А именно, одни говорят, что добро и зло отличны друг от друга; по мнению же других, [добро и зло] одно и то же, и то, что благо для одних, для других есть зло и для одного и того же человека [то же самое] бывает иногда благом, иногда злом. К мнению последних присоединяюсь и я сам" (46,
2, 87).
Хотя все софисты отвергают возможность абсолютизации понятий добра и зла, стоят на позиции этического релятивизма, тем не менее между ними есть различие в конкретном истолковании этого релятивизма. Саму относительность моральных понятий они понимают по-разному. Это особенно очевидно при сравнении взглядов старших и младших софистов. Старшие софисты (2-я пол. V в. до н. э.) в этике остаются относительными консерваторами, младшие же (конец V - начало IV в. до н. э.) отличаются крайним радикализмом.
Позицию старших софистов наиболее адекватно выражает Протагор. В своем мифе о происхождении культуры он рассматривает мораль ("стыд и правду") как скрепляющее людей, стягивающее всех в общность начало. Продолжим прерванное ранее изложение этого мифа. "Одного мастерства обработки", которое даровал людям Прометей, оказалось недостаточно для борьбы с хищниками. И тогда в целях безопасности люди стали селиться вместе и строить города.

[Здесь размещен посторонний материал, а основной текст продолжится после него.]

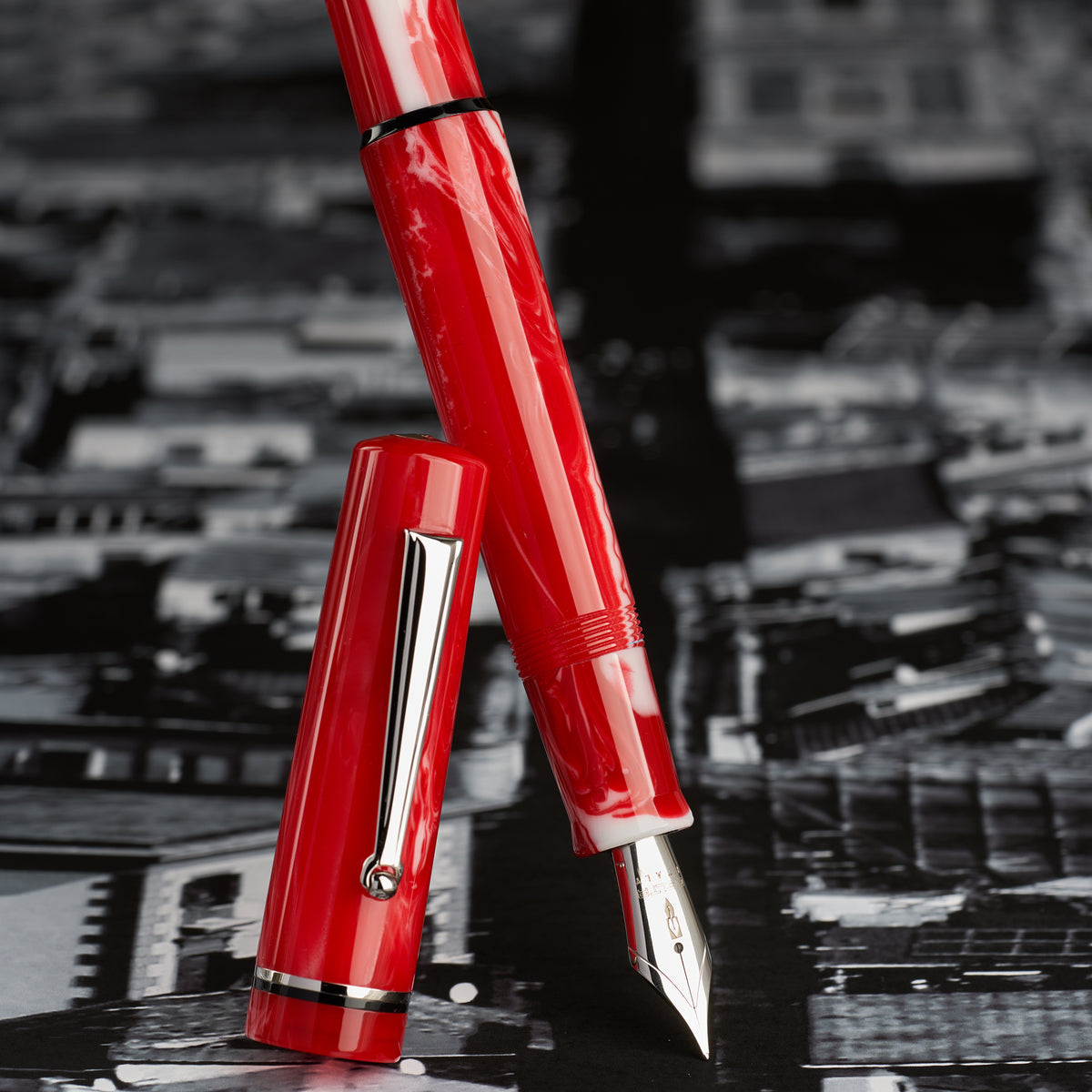 Delta Spaccanapoli Fountain Pen Arcivescovile(Red)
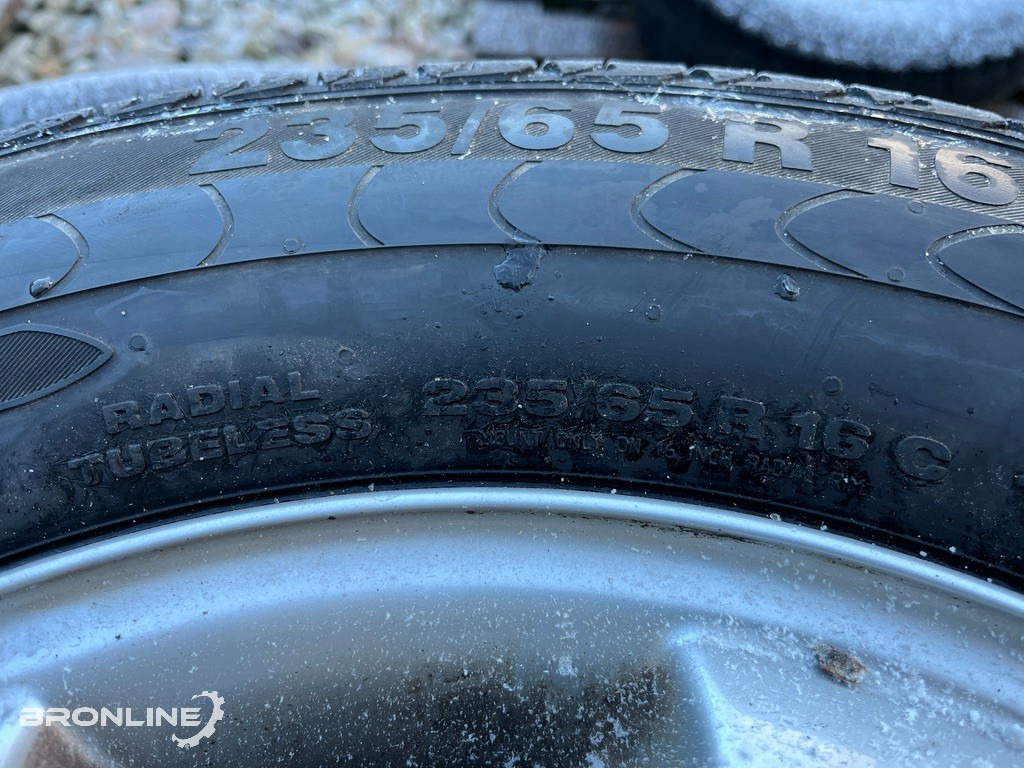 Veljekomplekt suverehvidega 235/65/R16 - 휠 및 타이어 패키지 밴 용 : 사진 5 Veljekomplekt suverehvidega 235/65/R16 - 휠 및 타이어 패키지 밴 용 : 사진 5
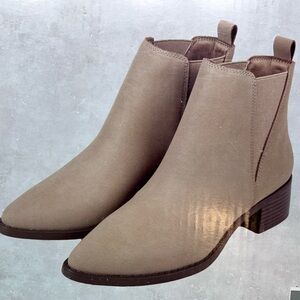 Serra Classic Tan Ankle Booties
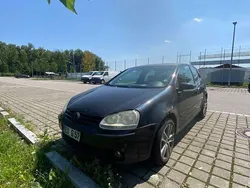 Schwarz Gebraucht 2006 VW Golf V Limousine | 900 € (Superpreis)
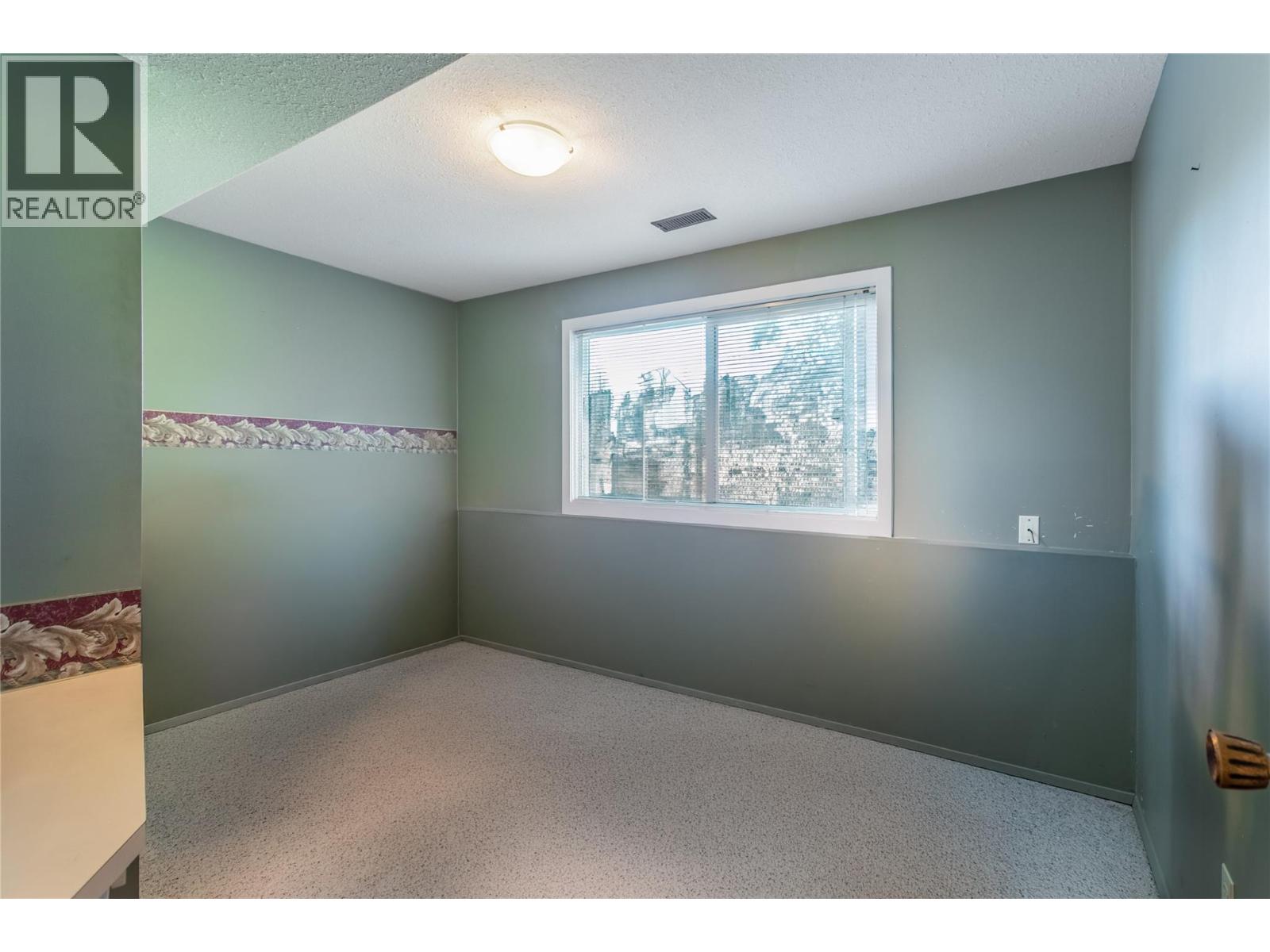 2418 Fairhall Road, Kelowna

Но "не было у них уменья жить сообща", потому они ссорились, расселялись и гибли (58, 1, 204). Тогда Зевс, желая спасти человеческий род, посылает Гермеса насадить среди людей стыд и правду, причем приказывает наделить ими людей не выборочно, а всех без исключения, ибо в противном случае не бывать вообще государствам. И Зевс добавляет: "И закон положи от меня, чтобы всякого, кто не может быть причастным стыду и правде, убивать как язву общества" (58, 1, 204 - 205). В другом месте Протагор говорит так: "И действительно, что любому городу кажется справедливым и прекрасным, то и есть для него (таковое), пока он это думает" (46, 1, 12). Не отдельному индивиду, а городу! Здесь мораль, хотя и формируется на базе сложившегося в государстве мнения, соглашения между людьми, представляет собой тем не менее нечто общезначимое. Она - основа спаянности индивидов, согласованности их действий. В сочинении Продика "Геракл на распутье" и в сохранившихся речах Горгия проводится такой же взгляд.
У младших софистов государство уже не обладает нравственным авторитетом. Границами морали, с их точки зрения, является польза индивида. Более того, они доходят до крайнего волюнтаризма. Так, по мнению Фрасимаха (2-я пол.
V - начало IV в. до н. э.), "справедливое есть не что иное, как полезное более сильному" (46, 2, 19). Другой софист младшего поколения Калликл (неизвестно, был ли он на самом деле, или это только литературный персонаж Платона)
полагает, что мораль и право выдуманы представителями власти для своей выгоды. И потому тот, кто силен встать выше законов, тот имеет на это право. Аналогичным образом софист Критий (ок. 460 - 403 до н. э.) объясняет происхождение религии: какой-то мудрец, утверждает он, специально "придумал для людей божий страх, чтобы он служил некоторым устрашением для злых и в том случае, если и тайно они что-нибудь (дурное) делают или говорят или мыслят" (46, 2, 70).